2. Premiers concepts
Le directeur du design chez Prevost, François Trépanier, avait défini l’esprit de ce qui amènerait « la reconnaissance de la marque par le produit ». « On voulait qu’il soit intimidant, majestueux, qu’il ait de la prestance », formule Luc Bourgeois. « On ne voulait pas des lignes trop fluides ou organiques. Il y a beaucoup de tension. Les découpes sont franches, les lignes sont tendues. Il y a une certaine agressivité, une rigidité qui le rend imposant, et à la limite intimidant. C’est l’objectif. » De ces trois concepts préliminaires réalisés par ordinateur, le concept final retiendra le décrochement de la glace de portière de la proposition du centre et la configuration faciale de celle de droite.

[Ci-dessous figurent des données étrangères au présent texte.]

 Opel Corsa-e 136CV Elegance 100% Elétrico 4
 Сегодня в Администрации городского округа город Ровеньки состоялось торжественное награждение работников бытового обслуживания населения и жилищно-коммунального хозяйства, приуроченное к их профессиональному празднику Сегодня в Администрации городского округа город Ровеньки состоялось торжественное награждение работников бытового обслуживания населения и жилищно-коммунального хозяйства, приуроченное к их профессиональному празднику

3. L’effet choc des pare-chocs
Même une fois que l’organisation faciale est à peu près fixée, le travail se poursuit pour raffiner les détails. Ici, quelques-unes des innombrables itérations qui modifient subtilement la forme des phares et des renfoncements inférieurs du pare-chocs. « Il y a eu des sketchs, c’est incroyable, commente Luc Bourgeois. Il y a dû avoir 30 rounds de sketchs pour l’extérieur. Quand je parle de round, c’est qu’on retourne faire des dessins pendant une ou deux semaines à la suite des discussions qu’on a eues. On les présente à nouveau, on les analyse, on les fait évoluer. »
4. Des lignes brisées
Le corps d’un autocar est similaire à un long tube vitré, fermé par les bouchons des faces avant et arrière. « On change les bouts, et ça change toute l’allure du véhicule », observe Luc Bourgeois. Contrastant avec les lignes horizontales des modèles actuels (précédent H3-45 à gauche et X3-45 remodelé à droite), la face avant du nouveau H3-45 montre des ruptures qui accentuent son impression de dynamisme.
5. Un clin d’œil
« On est allés jusqu’à dessiner les phares dans le moindre détail », lance Luc Bourgeois, pendant qu’il fait apparaître un bloc optique à l’écran. Malgré sa forme complexe, il affleure parfaitement la surface de la carrosserie. « Ce n’est pas du Monsieur Patate avec des phares de camion plantés dans des ailes thermoformées ! », s’exclame-t-il. « C’est de la qualité automobile faite par un manufacturier asiatique. Il fait de l’équipement d’origine pour des constructeurs automobiles. »
6. Une signature nocturne
Même la signature lumineuse des blocs optiques dans l’obscurité a fait l’objet de nombreuses propositions, soigneusement étudiées chez Prevost. « La conception, les esquisses préliminaires, le développement détaillé de tout ça : c’est évolutif », souligne Luc Bourgeois.
7. Effet miroir
Les rétroviseurs sont des appendices nuisibles sur le plan aérodynamique. « Ces grands plans viennent perturber l’écoulement d’air, et pas à peu près, observe Luc Bourgeois. On les a retravaillés avec le premier objectif d’améliorer l’aérodynamisme. » Les designers ont proposé un rétroviseur dont l’arête frontale, comme une étrave de navire, divise le flux d’air pour limiter les perturbations au contact de la carrosserie. « Le bras est un bras double, avec une ouverture dans le milieu. Il a été évidé dans le centre pour créer deux profils beaucoup plus fins. »
8. Le résultat
« Dans le nouveau H3-45, 95 % de toutes les surfaces visibles et touchables de l’extérieur et de l’intérieur ont été regardées par le design, fait valoir Luc Bourgeois. On a placé chacune des lignes et on a modélisé la surface de tout ce qui est visible à l’intérieur et à l’extérieur. » Les ingénieurs et techniciens de Prevost ont repris ces fichiers pour les concrétiser. « Ce qui se passe en arrière, c’est monstrueux comme travail pour amener ça en production », apprécie le président de Brio Innovation. « On est vraiment impliqués, pour que toutes les lignes soient à la bonne place, pour qu’on ait vraiment le feeling désiré pour les surfaces qui appartiennent au design. »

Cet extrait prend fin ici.